I suppose they had to create a separate nano-park for the stockyard stuff; siting it in the same place as the Babe the Blue Ox hooves would have been in poor taste.
The stockyards were once a huge regional operation, the largest stockyard in the Northwest, and the major employer in this part of the city, and now they've entirely vanished, gone the way of the old Forestry Center building, the cable car ramp in Goose Hollow, and the giant Richfield sign in the West Hills. A 1956 Oregon State University agricultural bulletin, "The Portland Union Stock Yards, A Case Study in Livestock Marketing" explained how the stockyards operated, toward the tail end of their heyday.
The essential points of the Chicago Stockyards system that have been followed so closely by the other 65 stockyards markets of the United States are: (1) one corporation owns all the pens, scales, and feeding and loading facilities; (2) anyone is permitted to buy or sell but sellers usually employ a commission man who is familiar with the market to do his selling; (3) anyone with proper financial and moral responsibility may engage in the commission business, subject to approval by the United States Packers and Stockyards Division.
In addition to providing a trading place, al of these stockyards still perform their original functions of loading, unloading, feeding, and watering all animals arriving or leaving regardless of whether they are offered for sale. At some stockyards, such as Ogden and SaltLake, more than half of the animals arriving are merely stopped for feed, water, and rest and are then reloaded for other destinations, al without being offered for sale. In contrast, at Seattle, San Francisco, and Los Angeles, very few animals are reloaded for other destinations.
A PSU history project about the Kenton neighborhood (in connection with the MAX Yellow Line) explains that the decline and eventual closure came as the industry no longer needed a centralized middleman. The effect on the surrounding neighborhood was predictable.
By mid-century, however, the industry began to change. Centralized stockyards declined in popularity and the businesses that had long defined the landscape and lives of Kenton began to close. In 1966 the Swift Meat Company closed its doors. Just a few short years later, the Portland Stockyards closed after suffering years of declining sales. The once solidly working-class neighborhood fell into decline. Crime increased as businesses shut their doors, and long-time residents moved in search of jobs.
The paper then moves on to some wide-eyed enthusiasm about the coming renaissance of Kenton with mass transit and gentrification for all.
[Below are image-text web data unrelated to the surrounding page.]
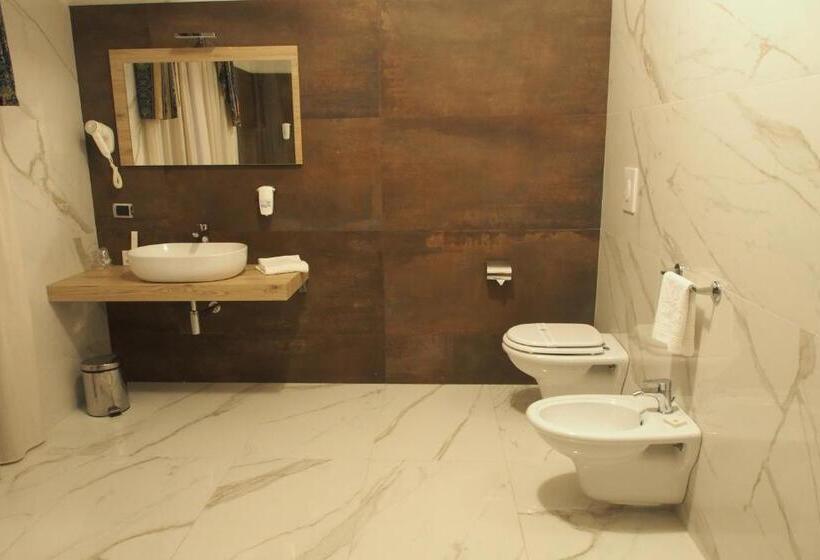 Номер Стандарт, Bel Sito Hotel Due Torri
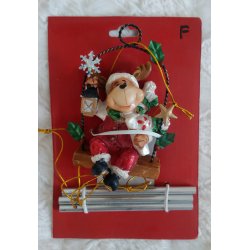 Jule Vindspil - Flere forskellige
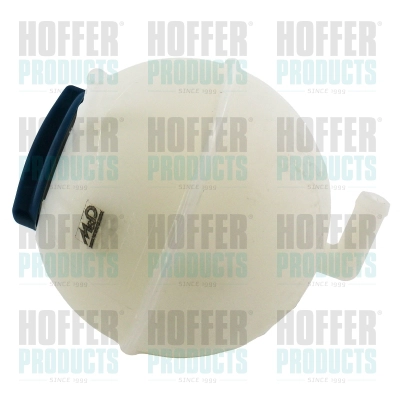 Water Tank, radiator (2035146)
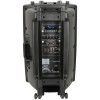 QTX QX15PA-Plus Portable PA 15'' BT/USB/UHF Mic 178.857UK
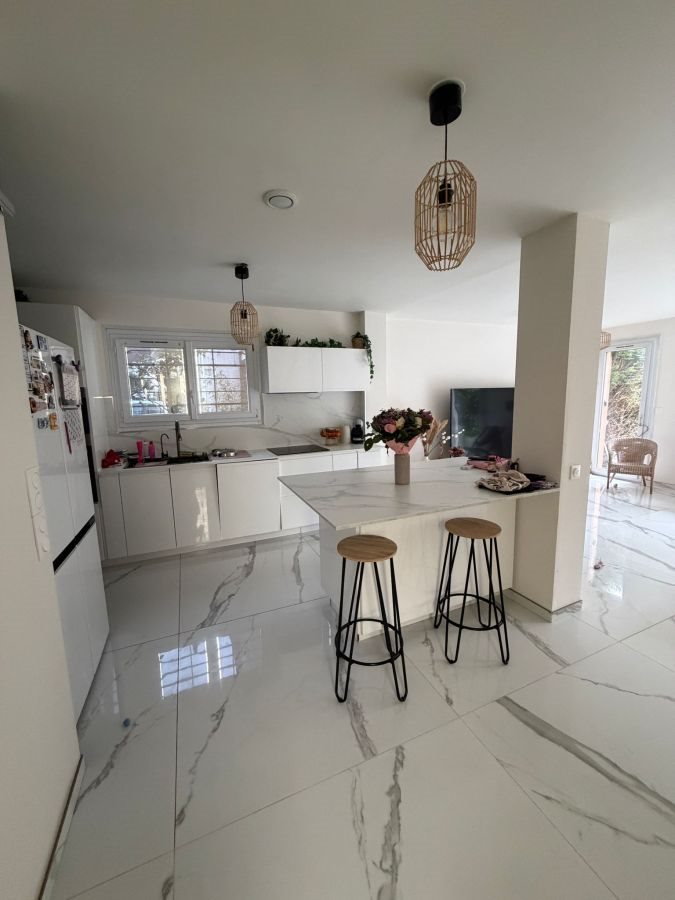 Maison à vendre, 94m², Noiseau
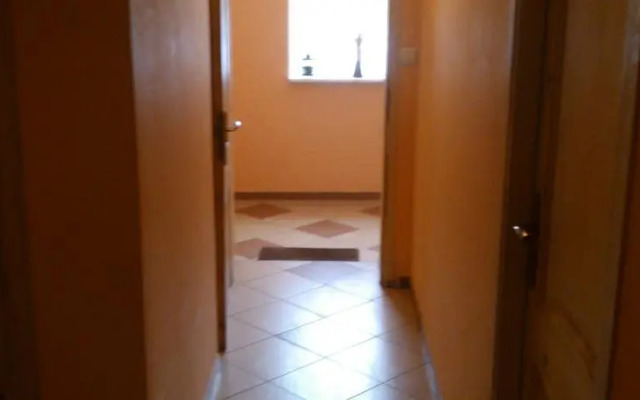 Dom pod Wędrownym Aniołem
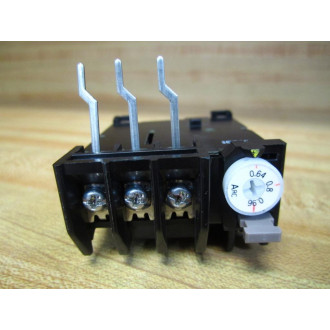 Fuji 1TR0AF Chipped Housing - New No Box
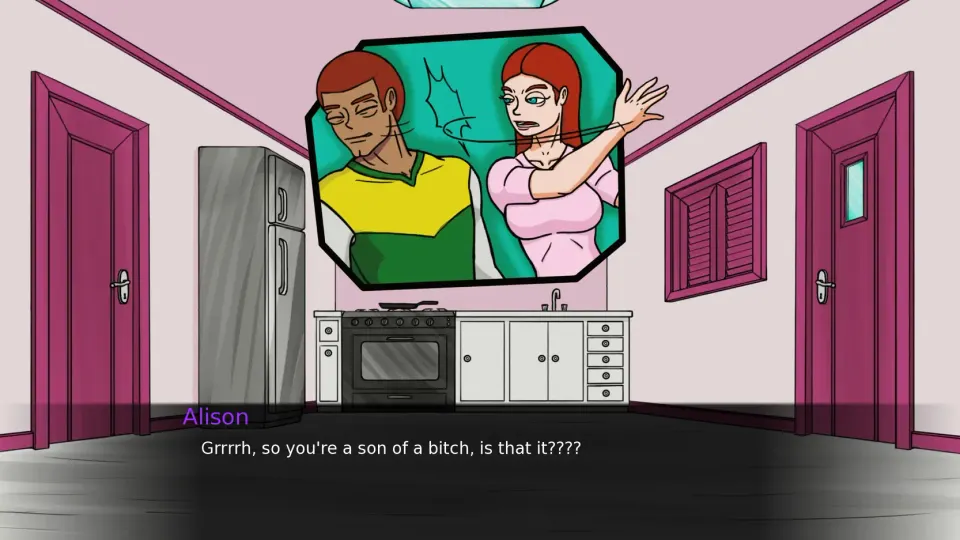 Luciene's Life screenshot 4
Whatever. Anyway, elsewhere I ran across a couple of vintage stockyards photos if you're curious at all. Though obviously photos can't convey what it must have smelled like.
I realize I'm pointing out this fact about cows at my peril; the last time I pointed out that cows don't smell so great, a bunch of angry Facebook people showed up to complain about the fancy city slicker who doesn't know where food comes from. Trust me, my uncle had cows when I was a kid. I know where cheeseburgers come from. Doesn't mean I'm going to pretend cows smell like expensive cologne or fresh cookies baking or something. I mean, go ahead and complain anyway, I won't stop you. I'll even refund every cent you paid me to read this, if it makes you feel any better. Deal?